The line containing "272 Square Yards" and each line after it, through the final line of the data, are to be retyped exactly, with pictures left out.

Stored data entries
>>>

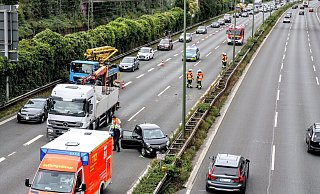 Der Lastwagen wollte von der mittleren Spur nach rechts auf die Abfahrt und traf dabei den kleinen Renault, der nach dem Zusammenstoß herumschleuderte und in der Mittelleitplanke zum Stehen kam. - Jens Reichenbach Der Lastwagen wollte von der mittleren Spur nach rechts auf die Abfahrt und traf dabei den kleinen Renault, der nach dem Zusammenstoß herumschleuderte und in der Mittelleitplanke zum Stehen kam. - Jens Reichenbach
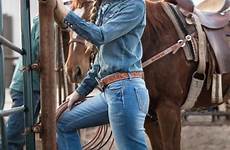 rodeo cowgirl cowgirls cowboy chica jena fashionistas knowles jeans wrangler wranglers sequel westernreiten sevens savannah nfr quickly optics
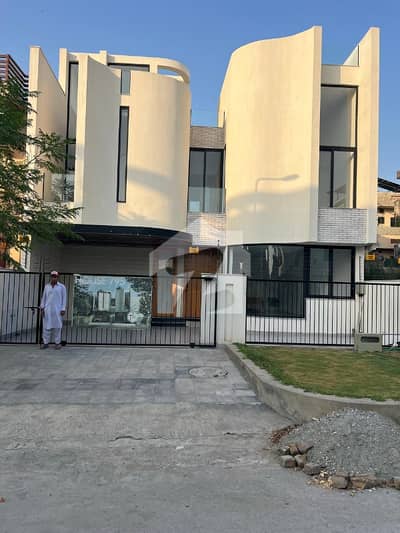 272 Square Yards House In Beautiful Location Of G-14/4 In Islamabad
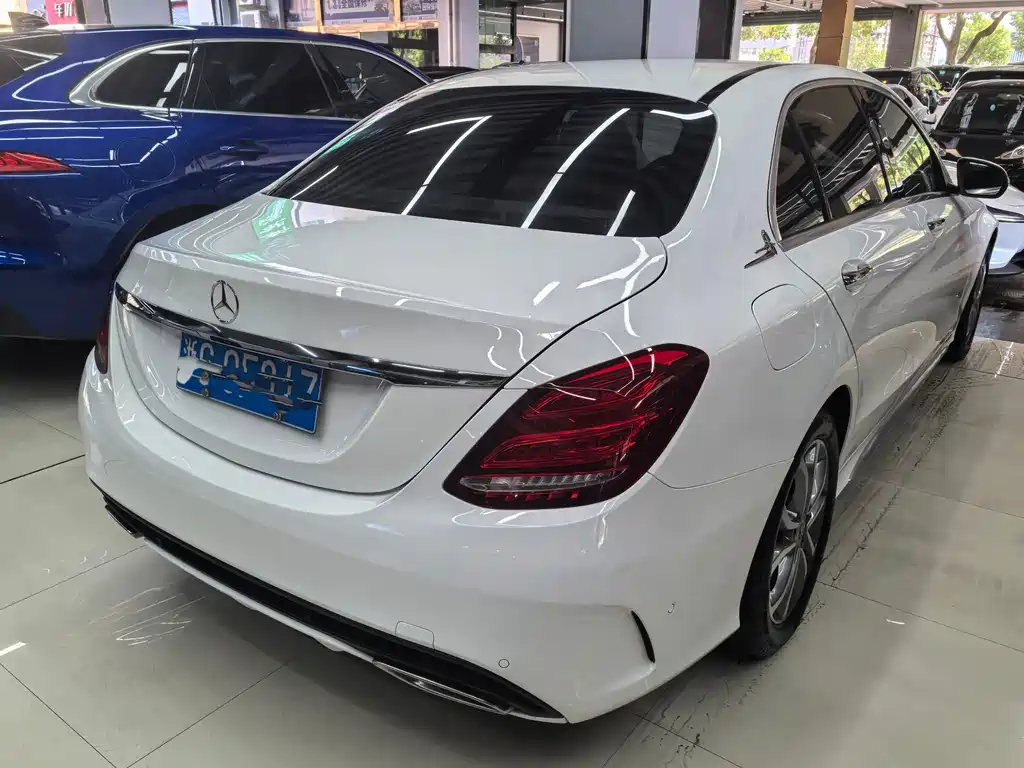Mercedes-Benz C-Class — миниатюра 9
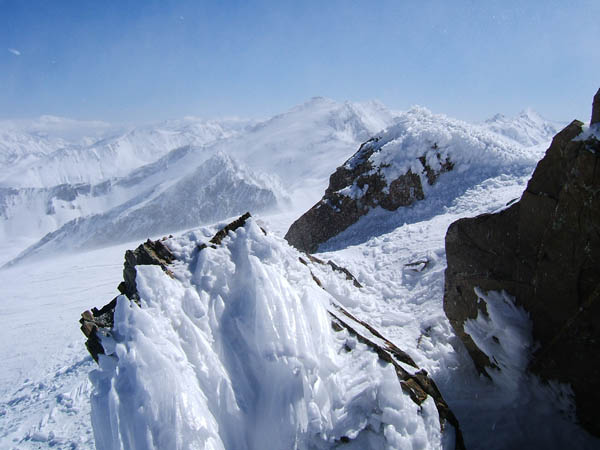 Bec de l'Aigle : Entre le pas de Chais et le sommet, vue sur Tête de Fer derrière les magnifiques concrétions de glace formées par le vent.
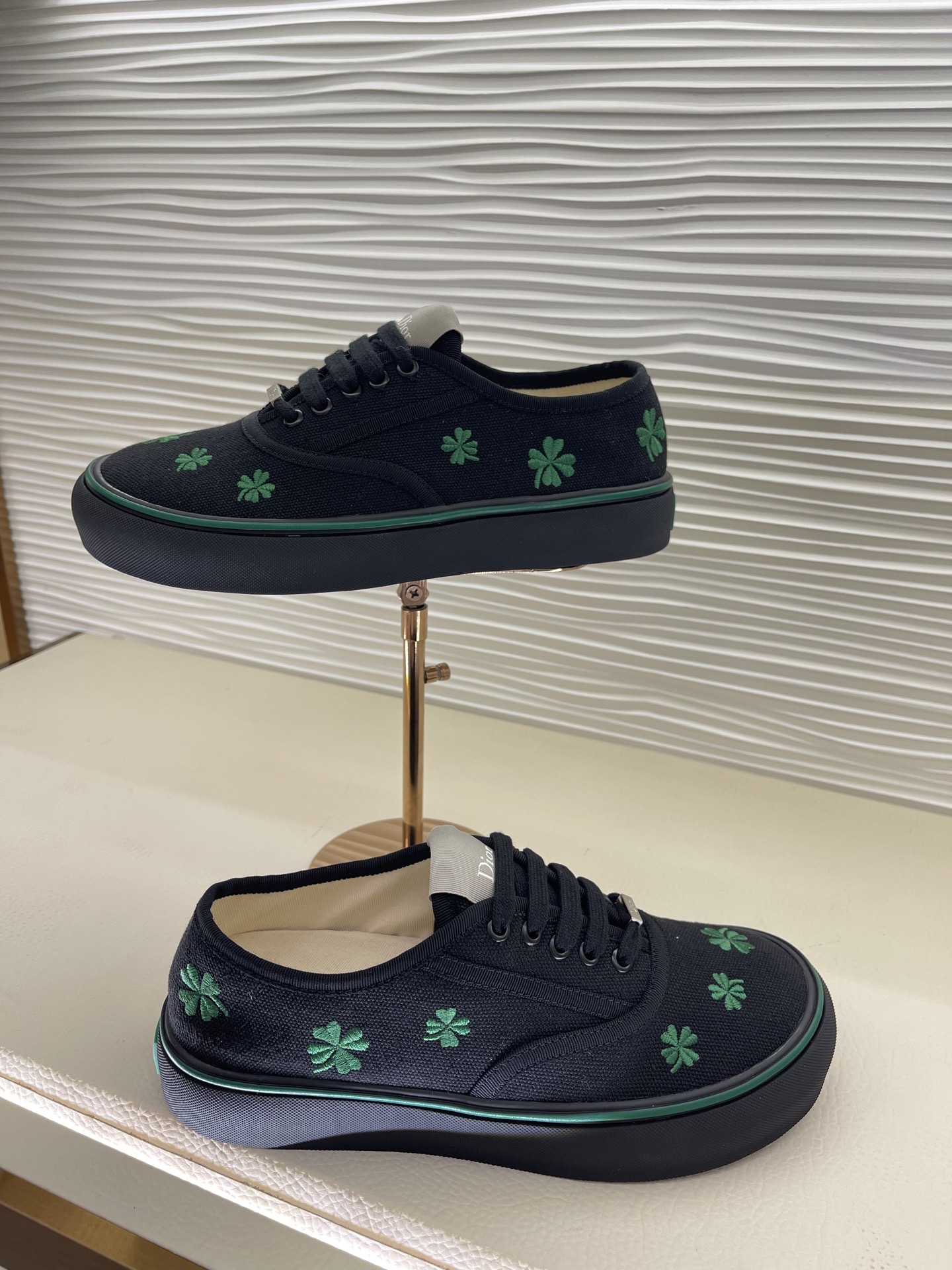 디올 디올 솔트윈드 뮬 스니커즈 레플리카 59번 이미지 - 신발 | 세미샵 레플리카 사이트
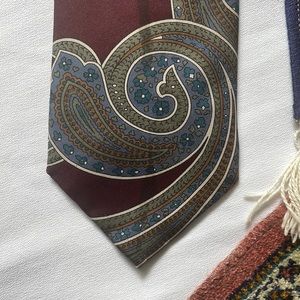 Moore’s “Very” 1980’s Paisley pattern Silk tie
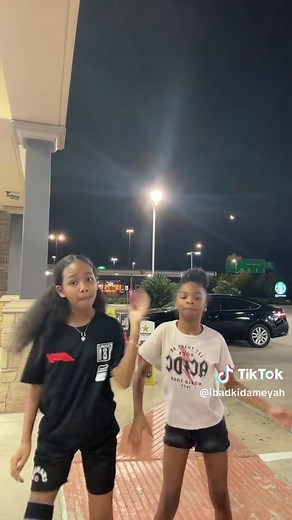 meyah!!!👸🏽🎀 (@ibadkidameyah)’s video of missy and taylor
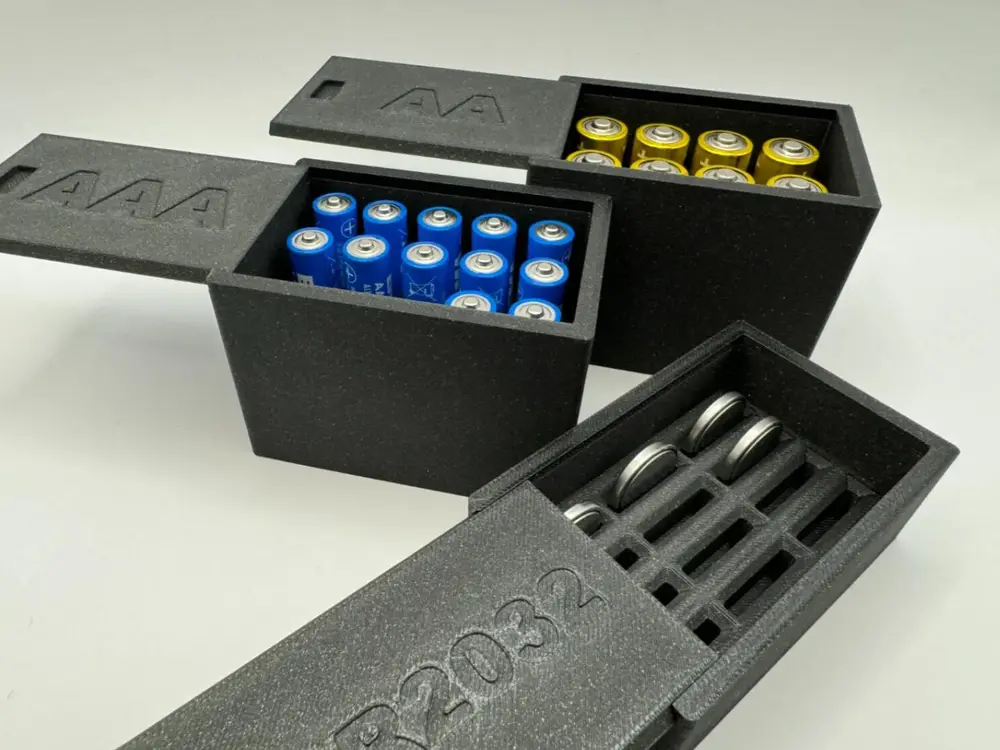 Sliding lid battery storage boxes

<<<

• **Result of this task**:
 272 Square Yards House In Beautiful Location Of G-14/4 In Islamabad
Mercedes-Benz C-Class — миниатюра 9
 Bec de l'Aigle : Entre le pas de Chais et le sommet, vue sur Tête de Fer derrière les magnifiques concrétions de glace formées par le vent.
 디올 디올 솔트윈드 뮬 스니커즈 레플리카 59번 이미지 - 신발 | 세미샵 레플리카 사이트
 Moore’s “Very” 1980’s Paisley pattern Silk tie
 meyah!!!👸🏽🎀 (@ibadkidameyah)’s video of missy and taylor
 Sliding lid battery storage boxes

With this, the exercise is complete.